Task instructions » Write out, exactly and in full, the line where "thuc pham het han van co the su dung anh 8" appears together with all lines that follow it in the entries below. Do not include pictures.

Available records »
- - -
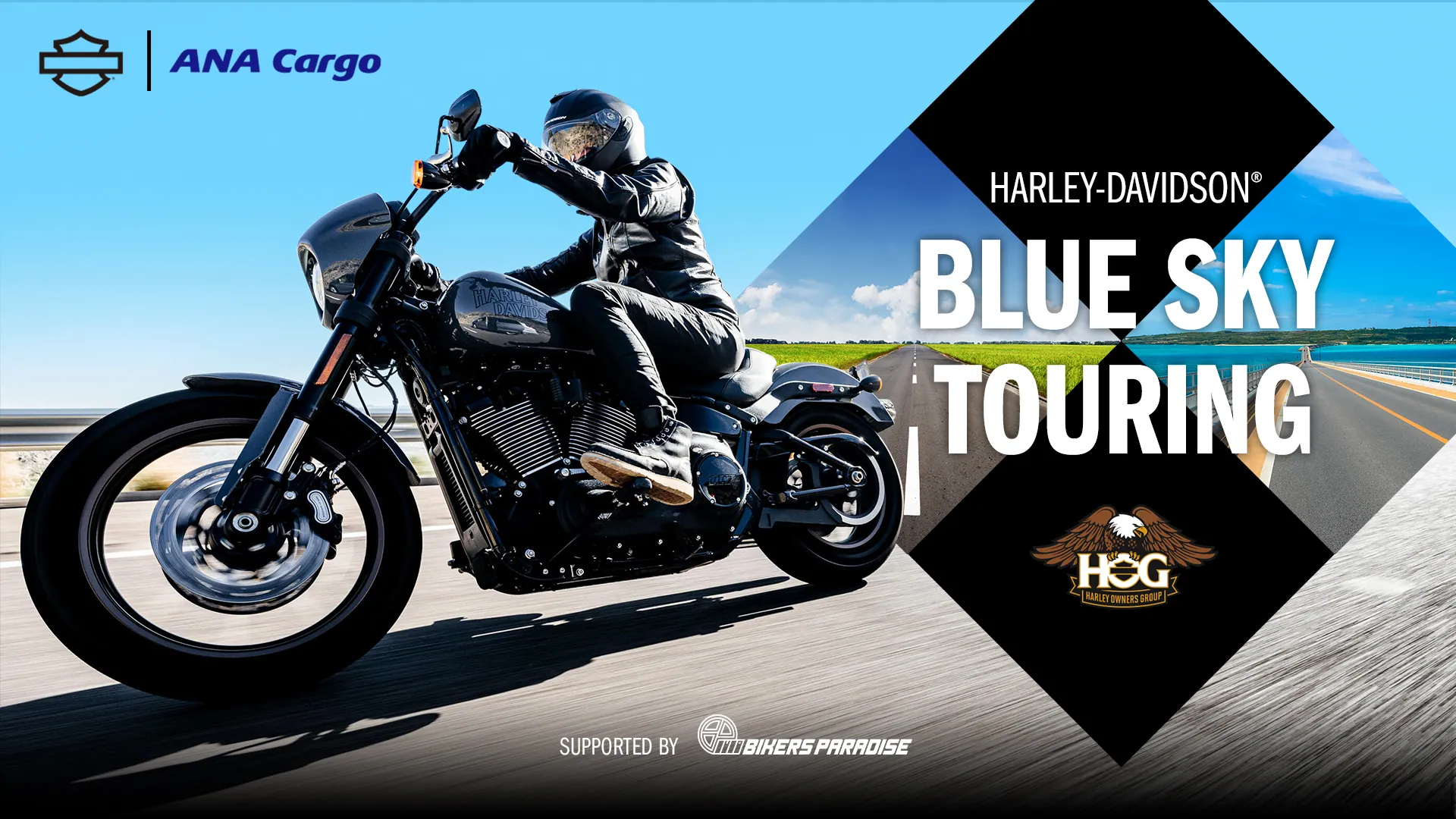 HARLEY-DAVIDSON Blue Sky Touring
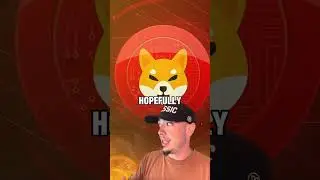 SHIBA INU COIN BURNS ARE VERY IMPORTANT!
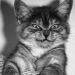 Игорь Бобов фотография #3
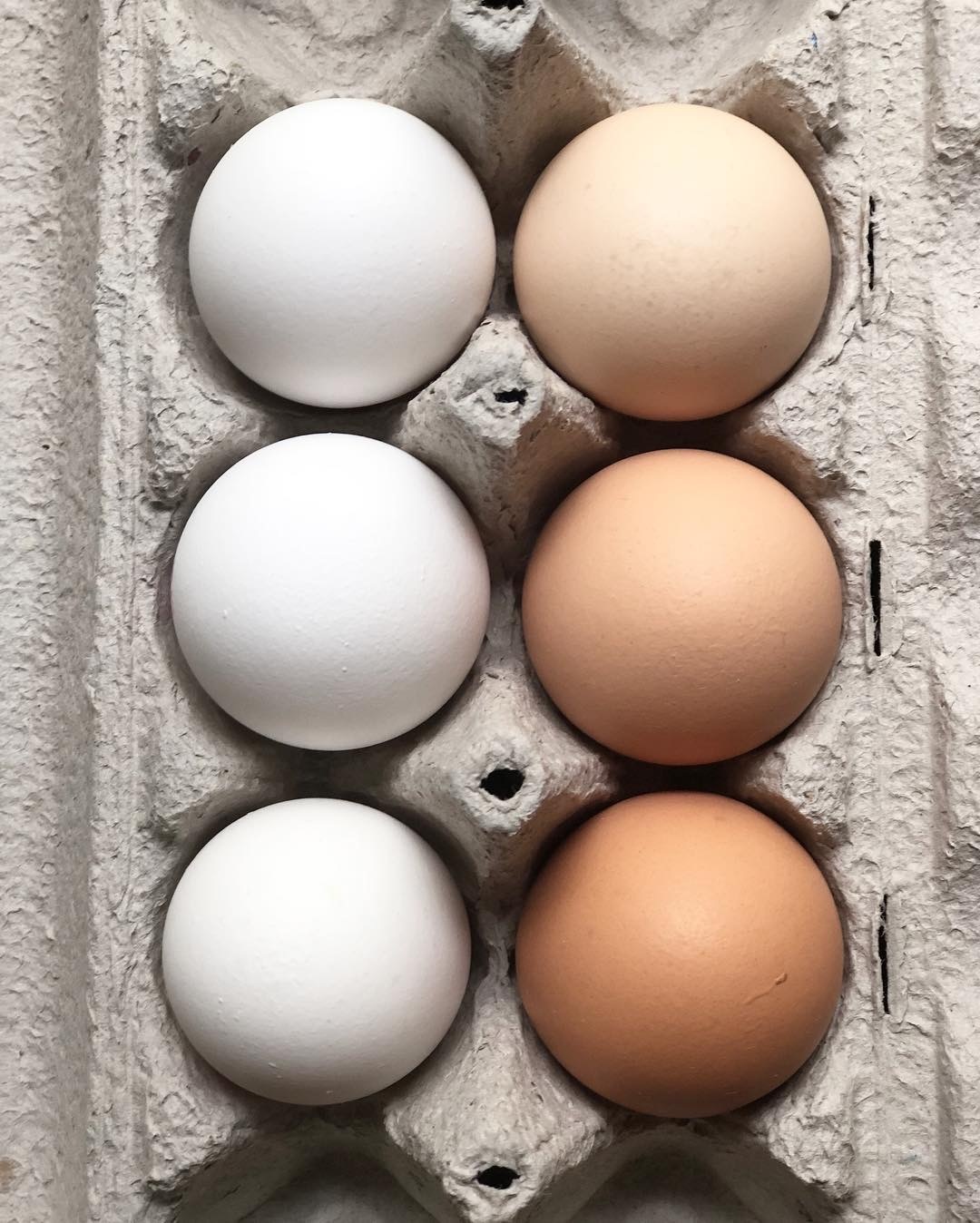 thuc pham het han van co the su dung anh 8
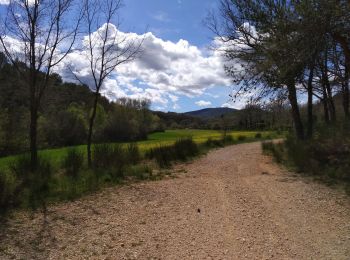 Trail Walking Saint-Zacharie - Chambeyron - Photo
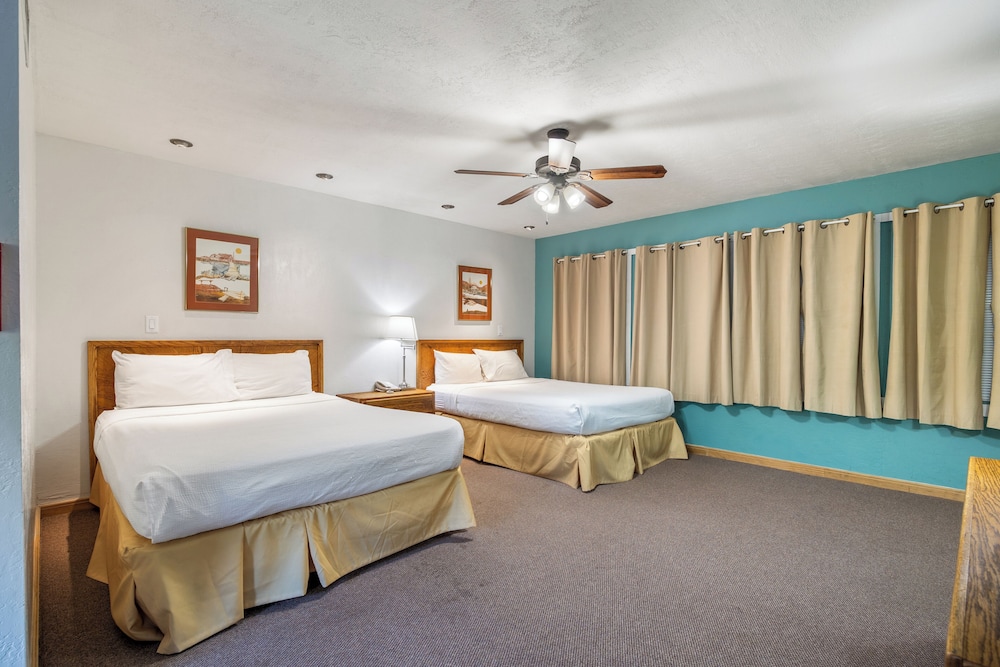 Deluxe Apartment, 1 Bedroom (Aspen - Lodge) photo 1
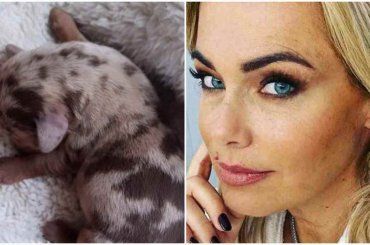 Sapete quanto costa il cane di Sonia Bruganelli? Da perdere la testa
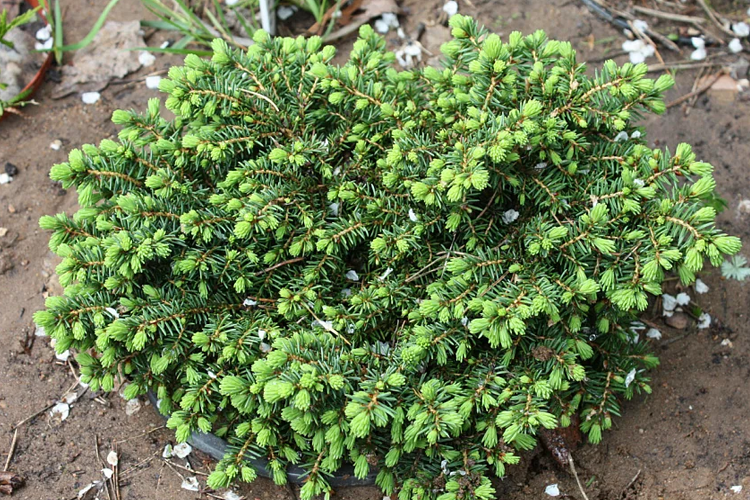 Ель обыкновенная Литтл Гем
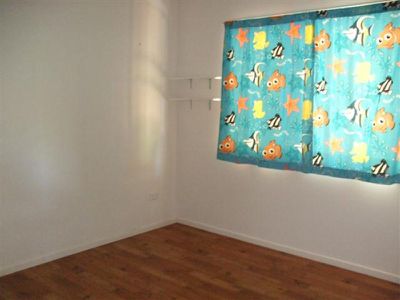 9 Rainforest, Cooktown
- - -
Task output »
 thuc pham het han van co the su dung anh 8
 Trail Walking Saint-Zacharie - Chambeyron - Photo
 Deluxe Apartment, 1 Bedroom (Aspen - Lodge) photo 1
 Sapete quanto costa il cane di Sonia Bruganelli? Da perdere la testa
 Ель обыкновенная Литтл Гем
 9 Rainforest, Cooktown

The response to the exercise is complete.